My father, who would be about 104 today if he was still alive, remembered it well, pointing out things of interest. For instance, the fields to the left of SH1 south of the bridge used to be a mangrove swamp, but became covered with huge amounts of silt, logs and all manner of debris. The log in question is consistent with a section of kauri tree that snapped off during felling. The stones, rocks and other timbers under the log are all consistent with a flood. Most importantly, the final resting position and the other debris around it would indicate flooding. Too much time and taxpayer money has been wasted by the academics, bureaucrats and Maori trying to create news and history. Get on with the real task, please.
Ian Morrison, Snells Beach
Tolls not taxes
It’s clear the regional fuel tax and Rodney targeted rate for transport are unfair to Rodney ratepayers (MM May 30). These taxes are an extra transfer payment to help pay for central Auckland infrastructure and services that provide no direct benefit to Rodney. Regardless of how Auckland Council chooses to present it, whatever gets spent in Rodney on transport is already financed by our rates and local charges. Politicians and councillors have ignored citizens’ and ratepayers’ strong preference for congestion charges or tolls for transport, choosing instead a tax and rate that is easy to collect and merge with other revenues for spending. Those who pay can never really see what, if any, benefit they get directly for their payment. Unfortunately, the political reality is that local road usage charging would work too well. We would all see and demand that the money goes where it is intended and politicians would not be able to allocate revenue raised as it pleases them. Like Auckland’s rail system, the Hill Street intersection could have been fixed years ago if the money and the commitment was there. Why not have a toll on Hill Street intersection users to gather the extra needed to support a permanent solution? Yes, politicians tend to get captured by the system that pays them and gives them the power and authority to spend our rates and taxes as it please them. They will not quickly give up anything that will make them more accountable to local communities. What have our local board members achieved to give them authority to spend more of Rodney’s rates on our transport problems, and to show us where our rates go to prove that? Our councillor puts up a good fight on our behalf, but he and other like-minded councillors are outnumbered by the Mayor’s central city voting bloc. So, think about this when you vote again next. Who’s standing for us, and who’s standing for themselves? And how do we ensure smaller (minority) communities get a fair deal when they are dominated by the (majority) communities seeking to benefit themselves from the growing citification of our landscape.
William Foster, Leigh (abridged)
Mayor Goff’s announcement that some (but not all – good on you Cr Greg Sayers for voting against it) Auckland councillors have voted to apply an 11.5 cents per litre fuel tax to the whole region is not only premature but arrogant in the extreme and makes a mockery of our democratic Parliamentary system. This tax is not even legal yet as the enabling legislation has not yet been passed. The bill has only just been reported back to Parliament and has yet to survive two more debates in the House before it becomes law.
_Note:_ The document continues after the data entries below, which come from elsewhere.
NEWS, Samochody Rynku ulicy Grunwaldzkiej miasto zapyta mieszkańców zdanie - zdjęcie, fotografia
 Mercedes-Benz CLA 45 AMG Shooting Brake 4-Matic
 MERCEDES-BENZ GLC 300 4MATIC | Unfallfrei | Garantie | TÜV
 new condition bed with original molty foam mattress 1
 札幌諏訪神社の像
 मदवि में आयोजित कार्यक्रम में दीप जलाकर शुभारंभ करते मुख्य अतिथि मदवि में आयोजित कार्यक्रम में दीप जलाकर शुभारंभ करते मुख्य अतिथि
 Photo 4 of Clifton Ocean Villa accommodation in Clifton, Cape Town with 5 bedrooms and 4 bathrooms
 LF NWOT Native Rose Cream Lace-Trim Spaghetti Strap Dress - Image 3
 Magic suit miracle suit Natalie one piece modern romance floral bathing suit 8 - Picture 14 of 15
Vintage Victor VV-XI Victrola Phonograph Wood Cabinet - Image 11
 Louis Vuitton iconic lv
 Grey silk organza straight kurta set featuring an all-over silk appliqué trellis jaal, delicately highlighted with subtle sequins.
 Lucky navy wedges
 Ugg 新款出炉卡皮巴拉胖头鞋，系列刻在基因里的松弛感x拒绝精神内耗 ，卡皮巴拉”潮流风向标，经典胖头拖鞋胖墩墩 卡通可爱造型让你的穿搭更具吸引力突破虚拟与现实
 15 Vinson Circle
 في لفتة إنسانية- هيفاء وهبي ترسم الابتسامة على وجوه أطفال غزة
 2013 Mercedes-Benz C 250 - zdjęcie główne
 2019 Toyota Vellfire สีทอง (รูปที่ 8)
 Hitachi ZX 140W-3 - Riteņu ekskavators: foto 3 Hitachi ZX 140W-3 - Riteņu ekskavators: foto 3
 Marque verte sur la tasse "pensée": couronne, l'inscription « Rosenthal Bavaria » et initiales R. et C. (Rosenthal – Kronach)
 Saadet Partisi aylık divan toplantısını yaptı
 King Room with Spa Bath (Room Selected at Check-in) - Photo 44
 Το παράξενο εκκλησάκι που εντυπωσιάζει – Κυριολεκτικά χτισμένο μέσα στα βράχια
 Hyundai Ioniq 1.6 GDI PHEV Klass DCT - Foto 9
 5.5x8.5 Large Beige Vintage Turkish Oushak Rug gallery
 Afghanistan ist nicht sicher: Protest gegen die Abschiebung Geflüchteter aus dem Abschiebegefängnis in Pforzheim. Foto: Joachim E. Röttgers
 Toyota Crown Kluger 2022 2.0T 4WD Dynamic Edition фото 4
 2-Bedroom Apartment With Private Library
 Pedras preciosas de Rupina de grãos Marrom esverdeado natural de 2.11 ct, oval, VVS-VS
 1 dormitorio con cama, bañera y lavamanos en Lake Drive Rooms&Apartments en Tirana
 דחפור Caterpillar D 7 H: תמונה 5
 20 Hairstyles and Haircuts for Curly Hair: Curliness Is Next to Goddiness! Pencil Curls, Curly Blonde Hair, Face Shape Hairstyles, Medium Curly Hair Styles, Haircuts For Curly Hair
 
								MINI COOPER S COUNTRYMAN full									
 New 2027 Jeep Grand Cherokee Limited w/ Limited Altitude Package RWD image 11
Imagine how much egg Goff will have on his face if just one of the coalition partners decides not to support it. Either NZ First or the Greens could scuttle it if they truly had their populations’ interests at heart. No doubt Goff has spent many hours bending the collective ears of his Labour buddies over this and it makes you wonder just who is running the country. If Auckland Council cannot make their books balance and provide the necessary basic infrastructure for Auckland then they should first be looking to the other side of their ledger and cutting out some of the many extravagances from their programme before dipping into the public purse for more money.
With the Rodney Local Board having recently opted for a targeted rate, plus the regional fuel tax and the government’s proposed increase in excise tax (both of which will hit us in North Rodney harder than our city counterparts as we have no public transport system to speak of), we in North Rodney are facing a triple whammy. Many will no doubt face considerable financial stress.
Bill Townson, Scotts Landing (abridged)
In defence of rats
In a letter arguing for the protection of the wallabies on Kawau, your correspondent says that they should not be treated like rats (MM May 16). Perhaps it is not unreasonable to ask why rats ought to be treated less humanely than wallabies? Rats have social structures and exhibit altruism that vies with and frankly exceeds that of some humans. I am as ready as the next person to fly into a rage when I see that a rat has found the avocado high up our tree and half eaten it before I even knew it was there. Difficult as it is to accept, that is not the rat’s fault. It is suggested we ought to take it easy on wallaby because they have been here for over 150 years. Rats have been here much longer than that. Based on the logic expressed, there is not a very good case for retaining white humans, whose environmental damage and habitat destruction since they arrived is truly monstrous in scale.